# EXERCISE DESCRIPTION:
Print exactly what appears from the line containing "Jokin Aperribay y" through the final line of the data below, pictures excluded.

Source records
════════════════════
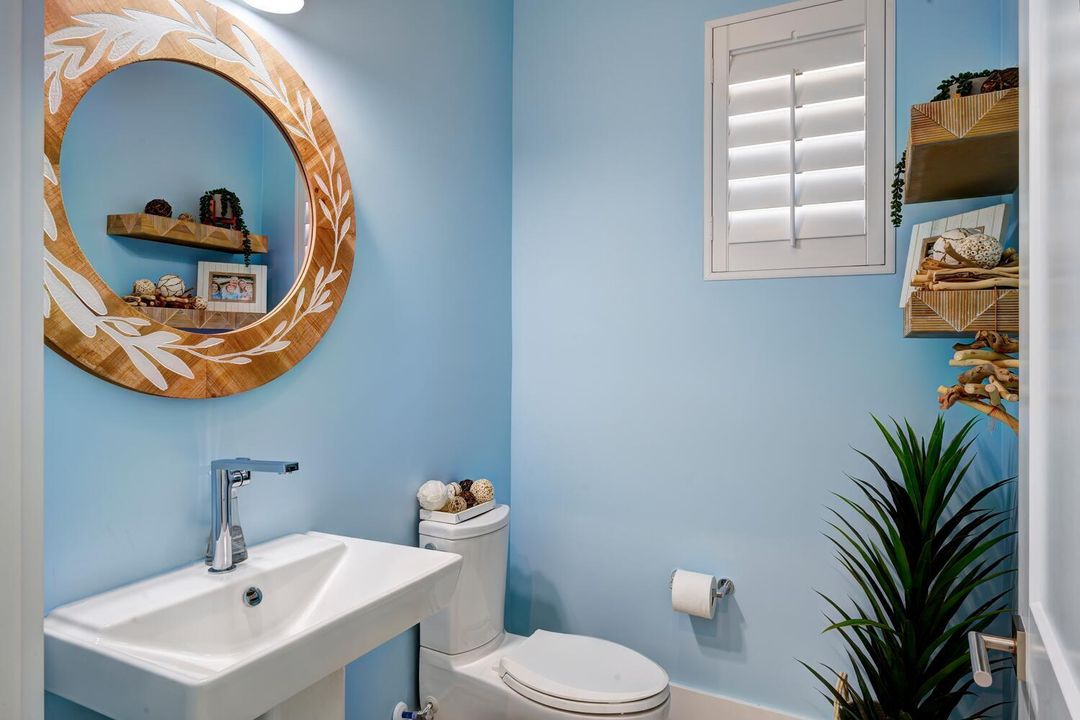 合同活跃: $3,900,000 (5 贝兹, 6 浴室, 4879 平方英尺)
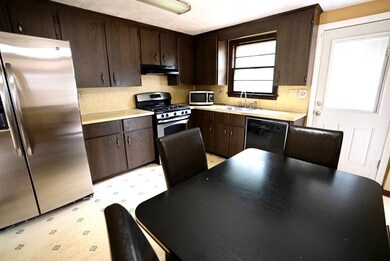 6 Delorenzo Dr, Randolph, MA 02368 - photo 5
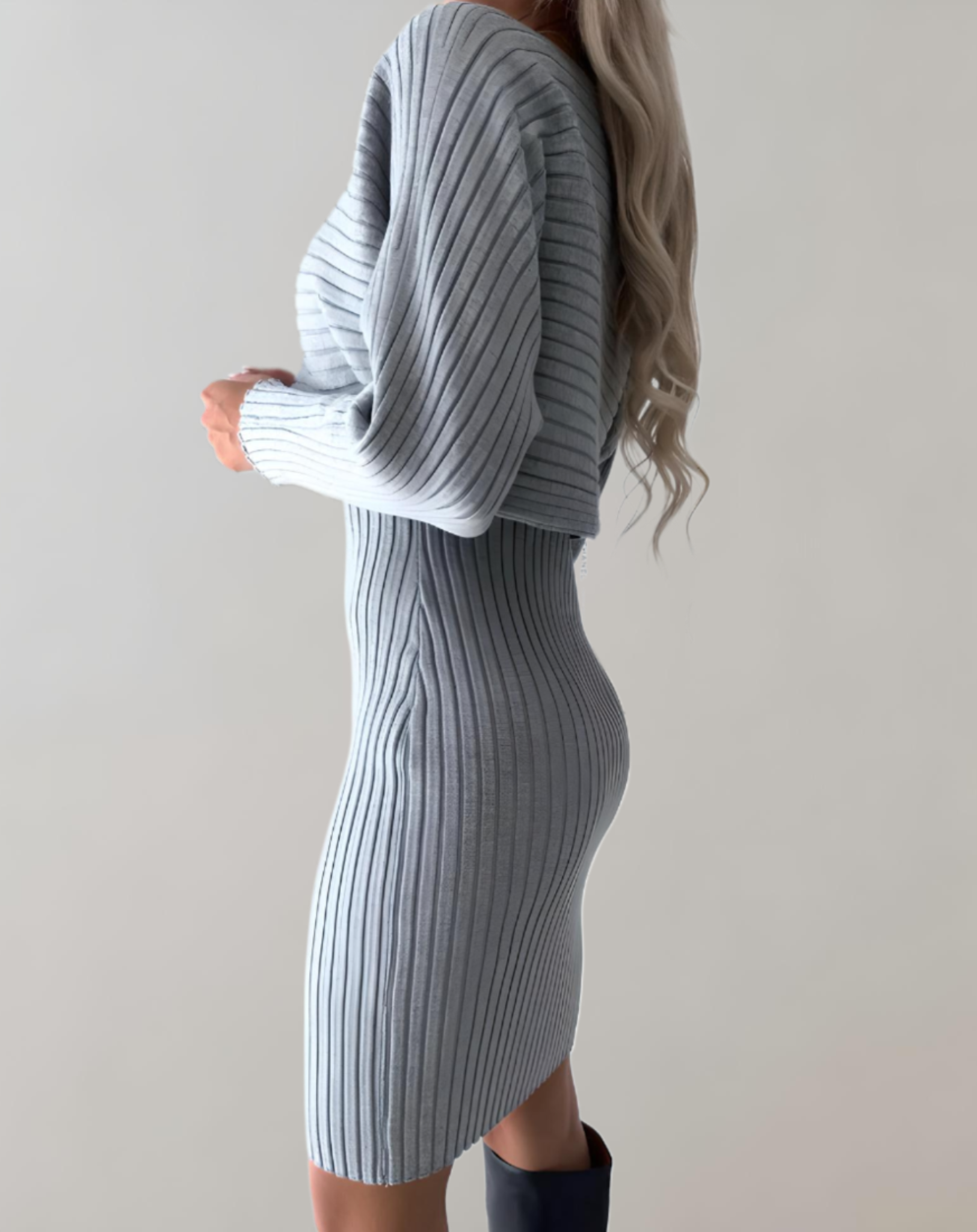 Mari - 2-delige set met gebreide bodycon jurk met spaghettibandjes en gebreide cropped sweater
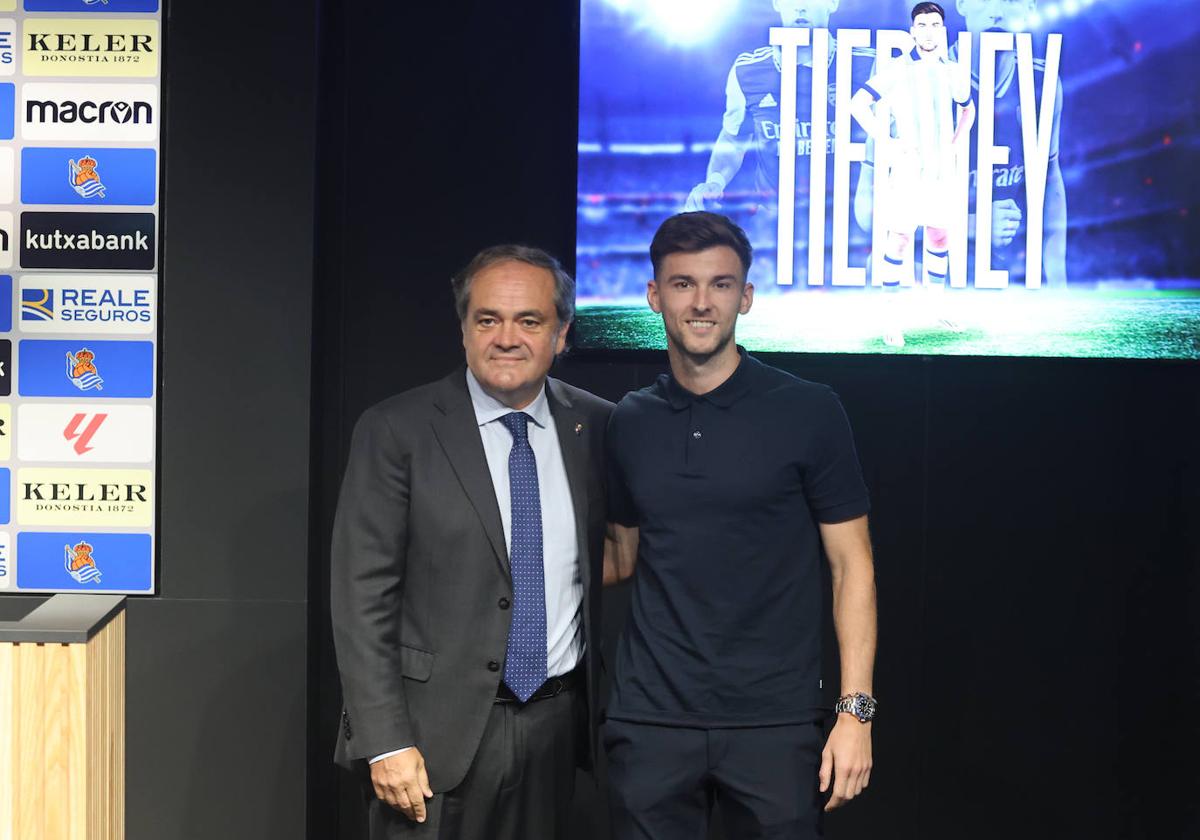 Jokin Aperribay y Kieran Tierney, en la presentación del escocés como jugador de la Real.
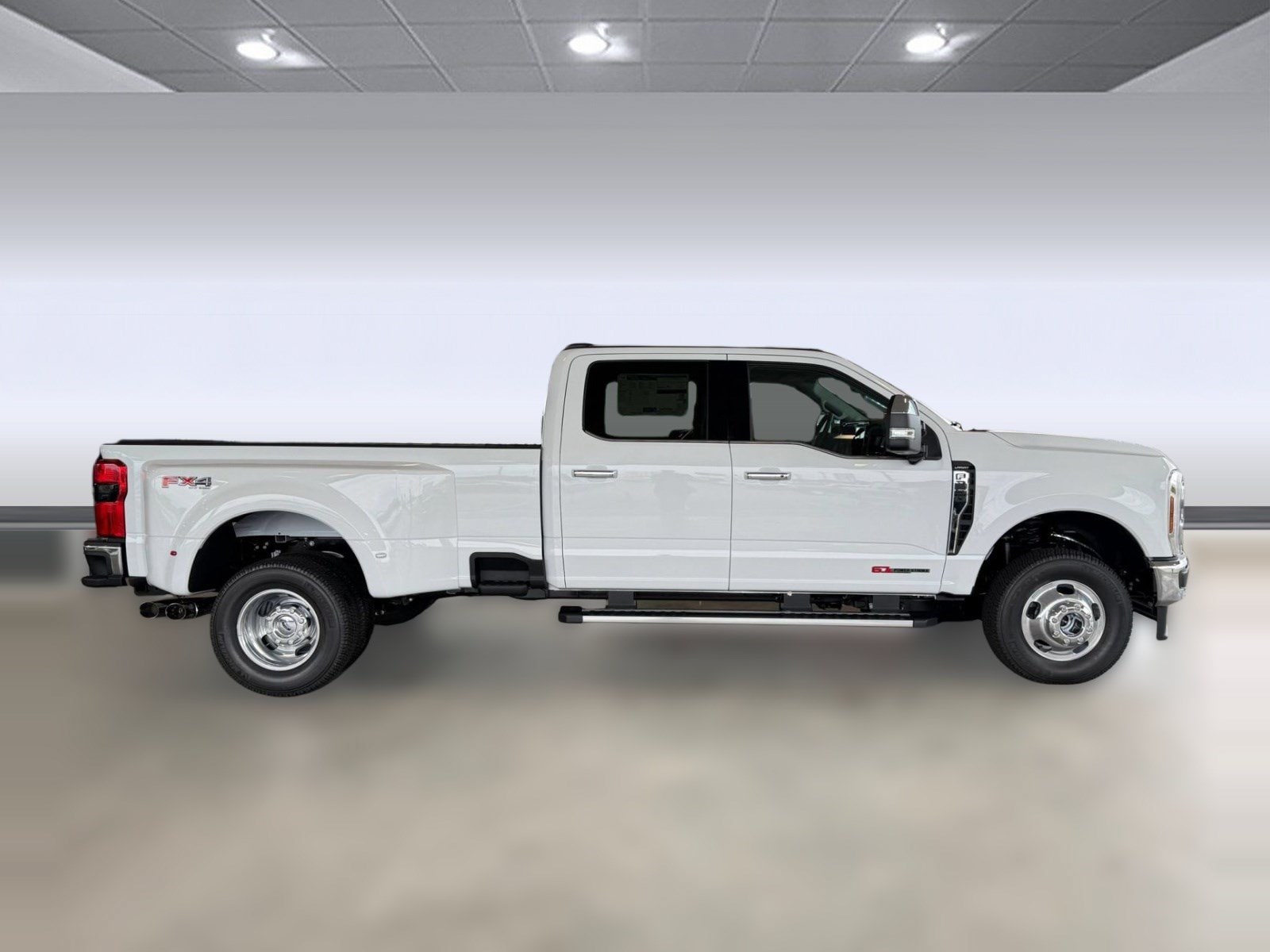 2026 Ford F-350 LARIAT Truck Crew Cab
════════════════════
# EXERCISE ANSWER:
 Jokin Aperribay y Kieran Tierney, en la presentación del escocés como jugador de la Real.
 2026 Ford F-350 LARIAT Truck Crew Cab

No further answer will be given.